HDFS Flashcards
WHAT IS HDFS
HDFS is the distributed files system that store and access a large set of data on a cluster of commodity hardwares. its designed for high-throughput and batch processing application, with a write-once-read-many data access model prioritize data streaming over low latency
whats the architecture of HDFS
Master-slave architecture, namenode is the master(store metadata,file system trees and locations of the blocks); datanode is the slave, it actually stores and retrieves the blocks.
what is SPOF and how to fix it
single point of failure
1)High availability (active&standby namenode)

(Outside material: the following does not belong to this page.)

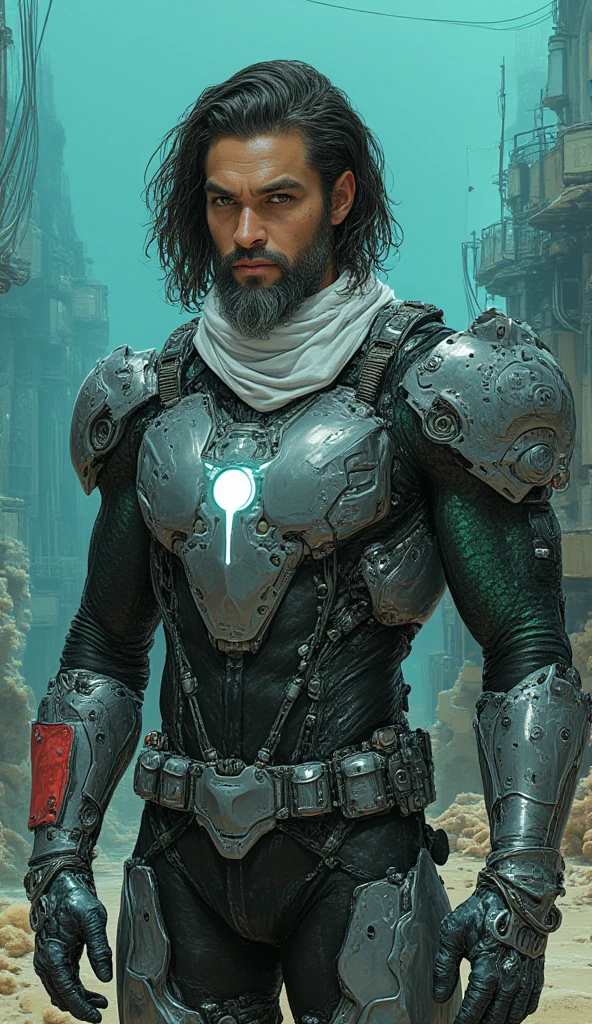 Firbolg apperance, young male, sci fi, space, space clothes, long hair, black hair, green eyes, aquamarine skin, cosmic, space suit, cosmic feature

2)second namenode regularly merges the metadata and edit logs to improve the performance of HDFS
3)regularly backup and recovery on an external storage system
4)QJM ensure consistent replication of edit logs accross multiple nodes.
3 features of HDFS
HA;Federation;Replication(replicates and Erasure coding);
HDFS limitations
high-throughput but low latency;not suitable for lots of small files;
whats the two types of file formats
row-oriented and column oriented. row-oriented is more suitable for operational workloads, ideal for OLTP, like uploading customer profiles and adding new orders;
column-oriented is suitable for OLAP, analytical workloads, like calculating average salaries by department.

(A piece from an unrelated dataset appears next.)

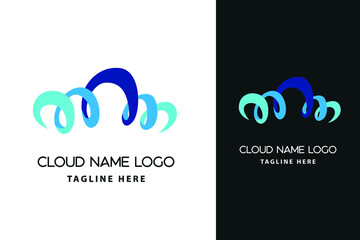 Modern abstract cloud icon logo design. Technology storage concept template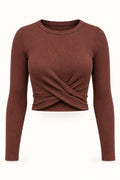 Twist Front Rib Crop Top in Emboldened – product view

column-oriented is better compresstion; saving space at large scale;reduced i/o analytics queries by reading only required columns; skip unnecessary deserialization and can process encoded data directly
what’s parquet and how it works
parquet is a column-oriented open file format for query nested structures in a flat representation.
the data model structure is root(a group of fields) and fields(name, type and frequency)
how does parquet storing data in a nested way in a columnar format
it uses 2 ints to represent 2 different level: definition level and repetition level. definition level shows the presence of the data, handles the missing values.
repetition level indicates when to start a new list for repeated fields.
(the depth and the repeated data structure) it allows parquet to represent repeated fields efficiently while presenting their hierarchical relationships.